Though the authors say that just-identified 2SLS is median-unbiased, they neither prove it nor provide a reference to a proof. At page 213 they mention the proposition again, but with no reference to a proof. Also, I can find no motivation for the proposition in their lecture notes on instrumental variables from MIT, page 22.

The reason may be that the proposition is false since they reject it in a note on their blog. However, just-identified 2SLS is approximately median-unbiased, they write. They motivate this using a small Monte-Carlo experiment, but provide no analytical proof or closed-form expression of the error term associated with the approximation. Anyhow, this was the authors' reply to professor Gary Solon of Michigan State University who made the comment that just-identified 2SLS is not median-unbiased.

Question 1: How do you prove that just-identified 2SLS is not median-unbiased as Gary Solon argues?

Question 2: How do you prove that just-identified 2SLS is approximately median-unbiased as Angrist and Pischke argues?

For Question 1 I am looking for a counterexample. For Question 2 I am (primarily) looking for a proof or a reference to a proof.

I am also looking for a formal definition of median-unbiased in this context. I understand the concept as follows: An estimator $\hat{\theta}(X_{1:n})$ of $\theta$ based on some set $X_{1:n}$ of $n$ random variables is median-unbiased for $\theta$ if and only if the distribution of $\hat{\theta}(X_{1:n})$ has median $\theta$.


Notes

  1. In a just-identified model the number of endogenous regressors is equal to the number of instruments.

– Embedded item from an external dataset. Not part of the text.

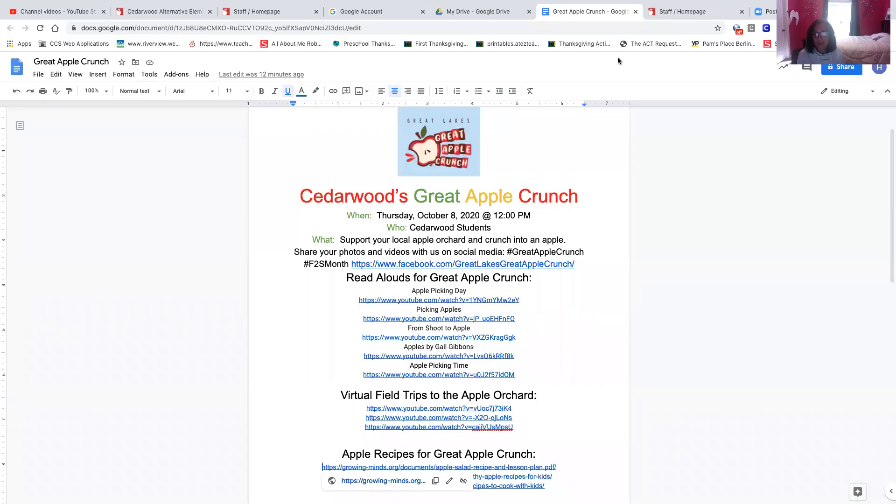Good morning, Cedarwood families. I'm Mrs. T, the new instructional coach, and Dr. Lay asked me to come to you to tell you about a super cool activity that's going to be happening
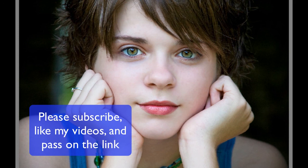If you haven't done so already, please subscribe to my videos, give me a like, and pass on the link to your friends. Cheers!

  2. The framework describing a just-identified instrumental variables model may be expressed as follows: The causal model of interest and the first-stage equation is $$\begin{cases}
    Y&=X\beta+W\gamma+u \\
    X&=Z\delta+W\zeta+v
    \end{cases}\tag{1}$$ where $X$ is a $k\times n+1$ matrix describing $k$ endogenous regressors, and where the instrumental variables is described by a $k\times n+1$ matrix $Z$. Here $W$ just describes some number of control variables (e.g., added to improve precision); and $u$ and $v$ are error terms.

  3. We estimate $\beta$ in $(1)$ using 2SLS: Firstly, regress $X$ on $Z$ controlling for $W$ and acquire the predicted values $\hat{X}$; this is called the first stage. Secondly, regress $Y$ on $\hat{X}$ controlling for $W$; this is called the second stage. The estimated coefficient on $\hat{X}$ in the second stage is our 2SLS estimate of $\beta$.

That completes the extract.